WTUX
- Gouldsboro, Maine; United States;
- Broadcast area: Ellsworth, Maine
- Frequency: 101.1 MHz
- Branding: 105 & 101 TOS

Programming
- Format: Mainstream rock

Ownership
- Owner: Blueberry Broadcasting, LLC
- Sister stations: WBFE; WKSQ;

History
- First air date: June 2010
- Former call signs: WLEK (2009–2010, CP)
- Call sign meaning: similar to WTOS

Technical information
- Licensing authority: FCC
- Facility ID: 165949
- Class: B1
- ERP: 17,000 watts
- HAAT: 121.1 meters (397 ft)
- Transmitter coordinates: 44°26′41.3″N 68°1′20″W﻿ / ﻿44.444806°N 68.02222°W

Links
- Public license information: Public file; LMS;
- Webcast: Listen live
- Website: www.wtosfm.com

= WTUX =

WTUX (101.1 FM) is an American mainstream rock radio station licensed to Gouldsboro, Maine, United States.
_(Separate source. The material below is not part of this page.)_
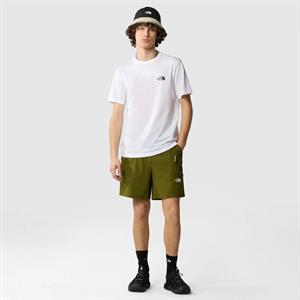 The North Face M Ss Sımple Dome Tee Erkek Tişört NF0A87NGFN41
The station is owned by Blueberry Broadcasting, LLC and simulcasts co-owned WTOS-FM.

==History==
This station received its original construction permit from the Federal Communications Commission (FCC) on May 25, 2006. The new station was assigned the WLEK call sign by the FCC on April 30, 2009.

In April 2008, permit holder Louis Vitali filed an application with the FCC to transfer the permit to a company he controlled, Blueberry Broadcasting, LLC. The transfer was approved by the FCC on April 30, 2008, and the transaction was consummated on June 4, 2008.

On January 7, 2009, WLEK applied to change its community of license to Gouldsboro, Maine. As of 20 May 2009, the FCC had accepted this application for filing but had taken no further action on the request. WLEK received its license to cover with Machias as its community of license from the FCC on May 13, 2009.

WLEK changed its call letters to WTUX on May 20, 2010, and in June 2010 signed on the air, simulcasting Augusta-based WTOS-FM.